Advocates say the cameras slow drivers, protect pedestrians and prevent accidents.

"Ninety-five percent of the time, they are of significant assistance toward reducing speeding and cars entering intersections as pedestrians cross," said Terry Lynch, executive director of the Downtown Cluster of Congregations and a pedestrian safety advocate in D.C.

The cameras also rake in cash. Montgomery County netted $9.7 million from camera-issued tickets in 2011. D.C. Mayor Vince Gray used tens of millions in camera-ticket revenue to help plug a $172 million budget deficit.

Opponents say the cameras are fleecing motorists and may not always be accurate.

"It's absolutely criminal," said Oxon Hill business owner Will Foreman, who successfully contested three speeding tickets. "I think that the people involved with the [Forest Heights] traffic camera programs should be locked up on [racketeering] charges. You're laughing, but I called the FBI."
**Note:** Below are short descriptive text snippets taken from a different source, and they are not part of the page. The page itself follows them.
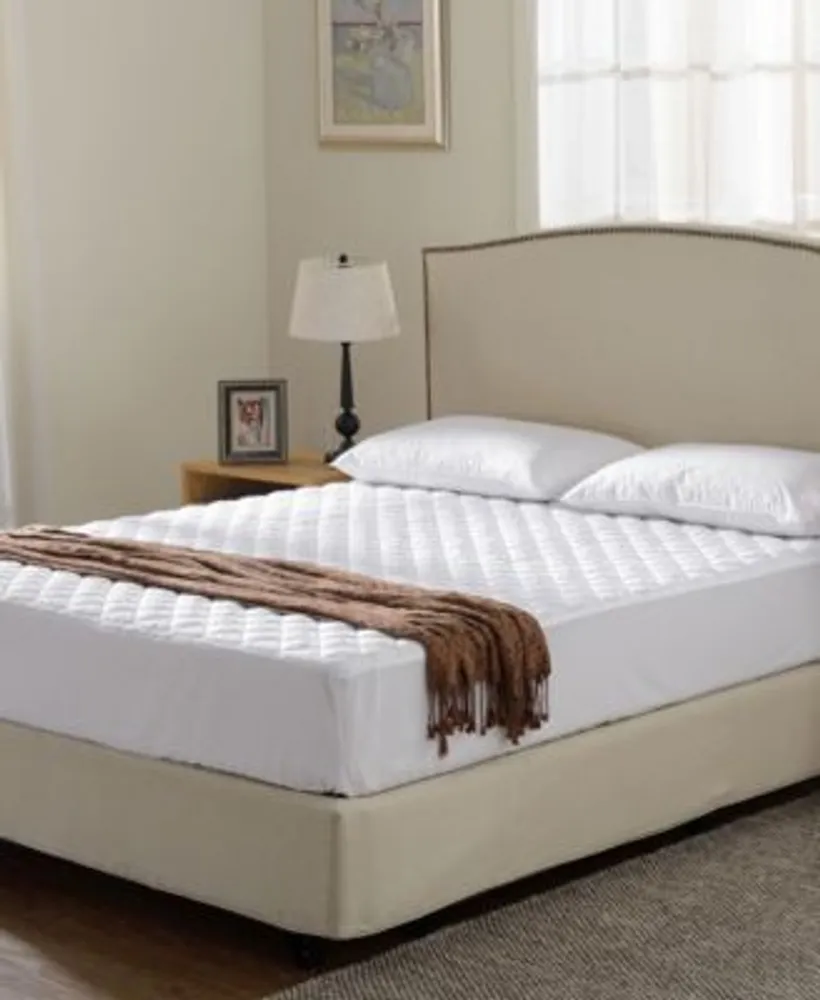 Quilted Water Resistant Mattress Pad Collection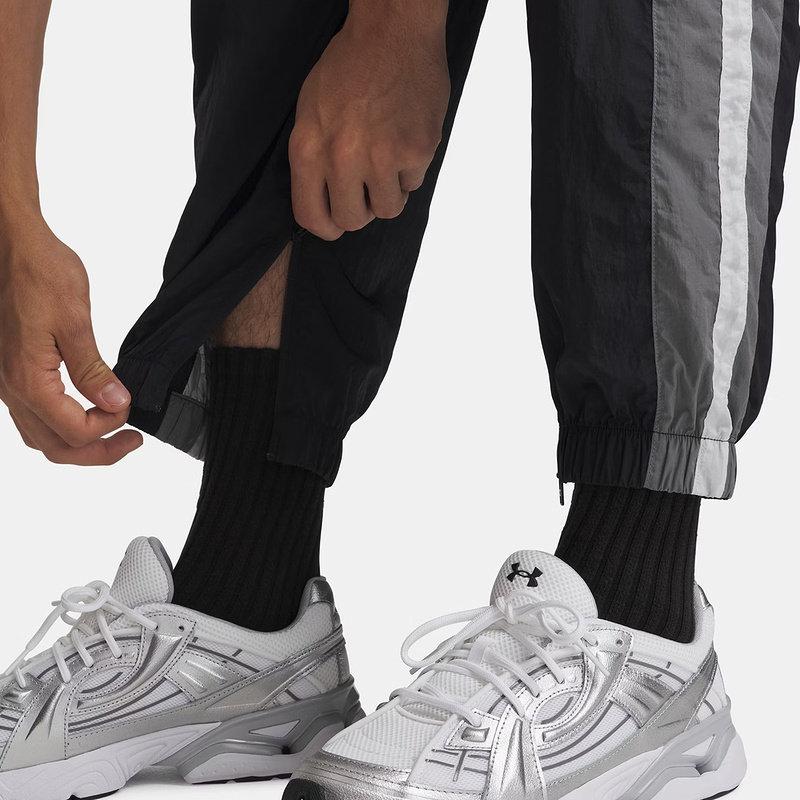 Under Armour Breathable Sports Lace-Up Mid-Waist Casual Pants Men bottoms 6009662-001
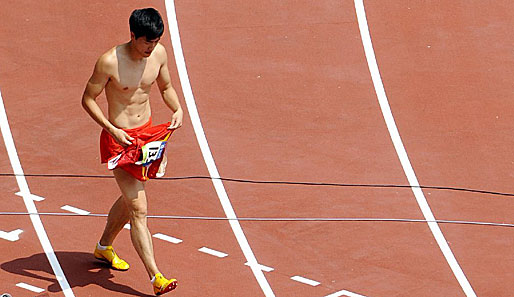 Xiu Liang kann seinen Titel bei der Leichtathletik-WM in Berlin verletzungsbedingt nicht verteidigen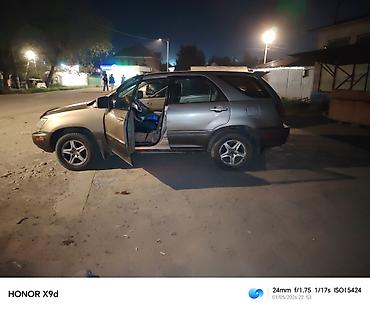 багажник rx300: Lexus RX: 1999 г., 3 л, Кроссовер — 6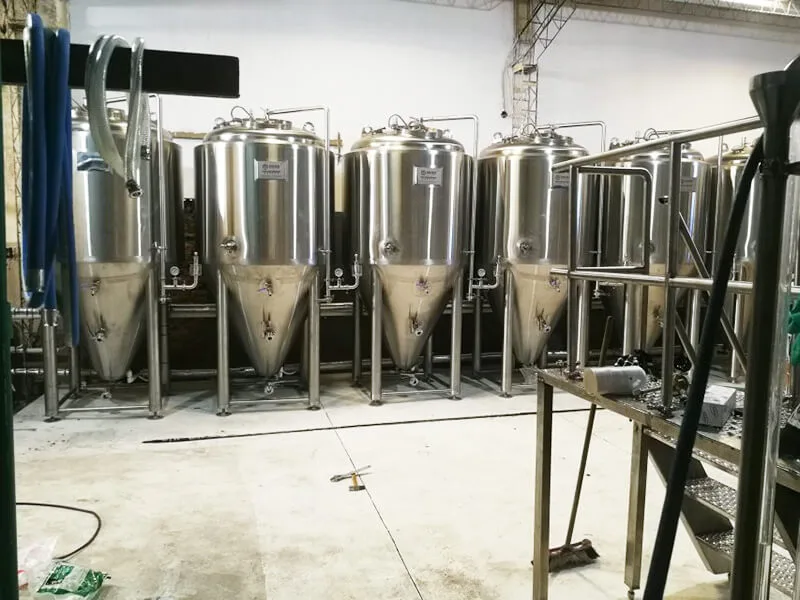 1000l beer microbrewery equipment (3)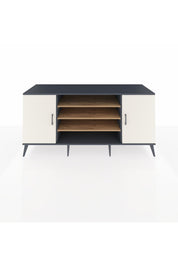 Kronos Konsol 5 Raflı 2 Kapaklı 176x59x83 - S610M037V15C
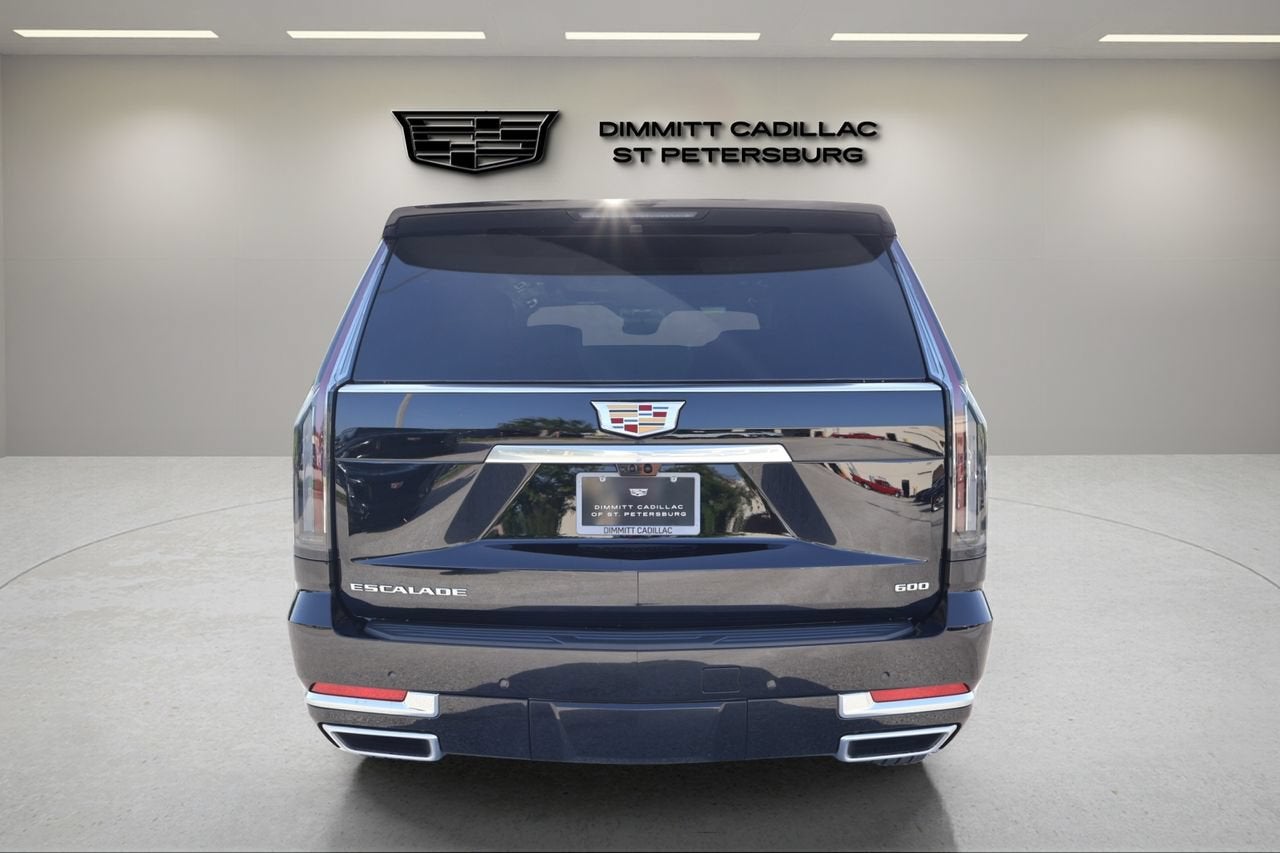 2026 Cadillac Escalade ESV — interior view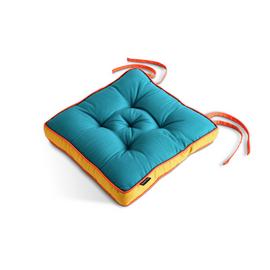 Habitat Pack of 2 Seat Cushions - Blue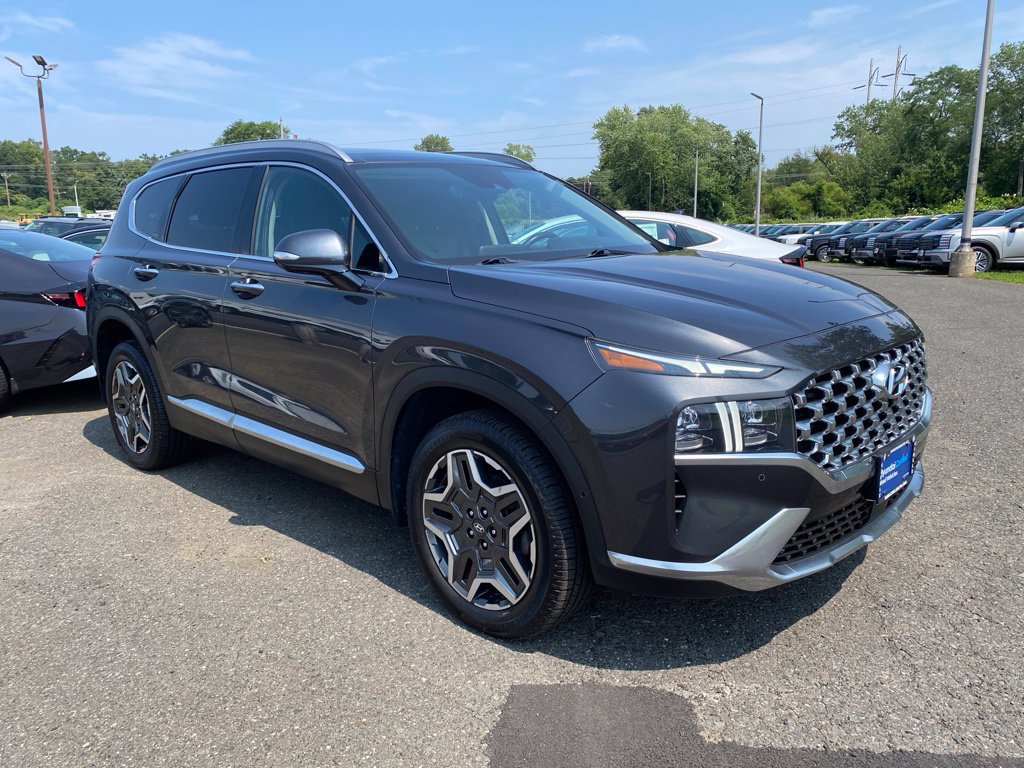 Certified 2023 Hyundai Santa Fe Limited w/ Cargo Package AWD/4WD image 1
D.C. restaurateur Geoff Tracy hired a man to hold a sign warning motorists of a speed camera on Foxhall Road in Northwest after getting three tickets there.

It's that kind of citizen outrage that got traffic camera programs scrapped in Houston, Los Angeles and Albuquerque, N.M., over the last year. Other cities like Syracuse, N.Y., voted to ban the cameras before anyone even tried to install one.

No Washington jurisdiction that adopted the cameras has given them up. Cheverly switched contractors after a bike was cited for going 57 mph, but the city still uses the cameras.

Opponents say it may just be a matter of time before "camera hotbeds" like the Washington region start reconsidering the proliferation of traffic cameras.

"Virtually any time the public gets to vote in it, the cameras go by the wayside," said John Bowman, spokesman for the anti-traffic-camera National Motorists Association. "It will take a lot of time and a lot of grassroots effort -- that's really going to be the key to it."